ソウル市は6年をかけ、建設費に2713億ウォン(約298億円)を投じている。総工費が3462億円に膨らむとも試算された日本の新国立競技場に比べればかわいいものだが、やはり「安物買いの銭失い」の感は否めない。
懸念された周辺の交通渋滞も解決していない。オープン日の4日に観戦にきた男性は、朝鮮日報に対し、「渋滞に巻き込まれて到着まで1時間半以上かかった。
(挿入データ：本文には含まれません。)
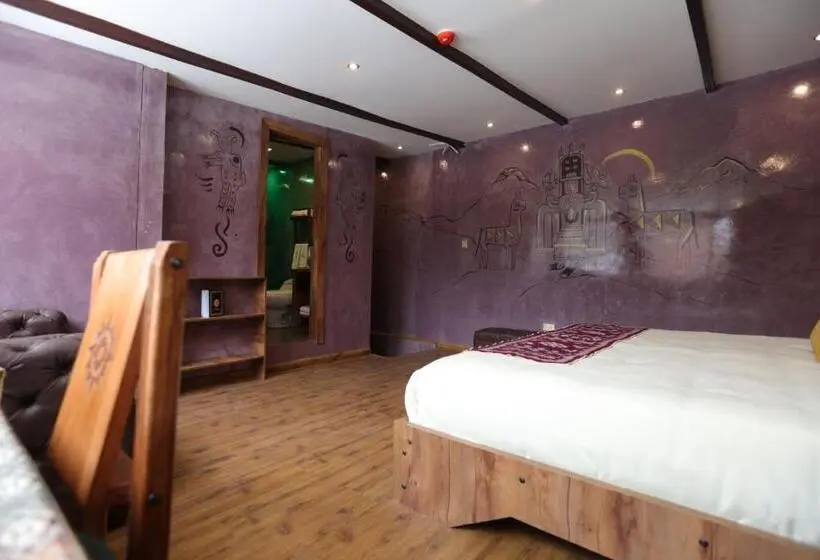 Superior-huone King-vuode, Chakana Hotel Boutique Mariscal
交通渋滞は野球を見たいという思いから我慢できたが、観戦中も不便で本当に腹が立った」とぶちまけている。
同紙は、韓国野球委員会(KBO)の許亀淵(ホ・グヨン)野球発展委員長が「21世紀に建てられた全世界のドーム球場の中で最悪」と話したとも伝えた。
『徹底比較 日本VS韓国』(河出書房新社)の著者でノンフィクションライターの高月靖氏は「過去、F1が開催された際、サーキットの建設が大幅に遅れたように韓国では、おおざっぱな感じで計画が作られることが多い」と明かす。
「ソウル市の担当者たちも野球場の管理運営の経験がないのに、専門家の意見を聞かず計画を進めたという。韓国役人の官僚的な面がドームに現れたのだろう。加えてソウルではまだ不動産価格が上昇中だ。ドームのようなハコモノのおかげで、地価がさらに上がることに期待するゼネコン業界などが、計画に加担したのではないか」
新国立競技場の再計画にあたって、これほどの反面教師はない。